Teaching chickens fear takes time, and Papa didn't have enough of it that week. So he went that Sunday with only one cock—a weak, colicky creature quarantined out back because it had been plucking its own feathers. The chicken was diseased. Papa knew he would lose, but he needed to send Little Jui a message. Regularity was the message, he said. He wasn't affected by last week's losses was the message. But Mama said, “Here's a better message, Wichian. Don't show up. Find a new hobby. Collect stamps. Raise carp. Exercise. Help me with the lingerie. Do something civilized for once.” But Papa just laughed it off.

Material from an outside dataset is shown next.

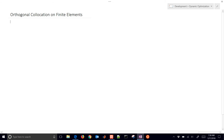We're going to talk about orthogonal collocation on finite elements, in particular how to use this to solve differential equations. For example, if I have dx/dt equals f of x, that's perhaps a nonlinear differential equation.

He came back that Sunday afternoon carrying the diseased chicken in a bloody plastic bag. Mama looked into the bag and said that if Papa wanted the thing slaughtered, he should've asked her to do it—at least then she'd be able to distinguish breasts from thighs from wings from feet from intestines. At least we'd have a useful chicken, Mama said. Now
all we have is a mess. And when Papa told her over dinner that he'd lost another thousand, Mama said, “Enough is enough, Wichian. Let them win. Little Jui's not out to kill you anymore. He's decided to take all your money.”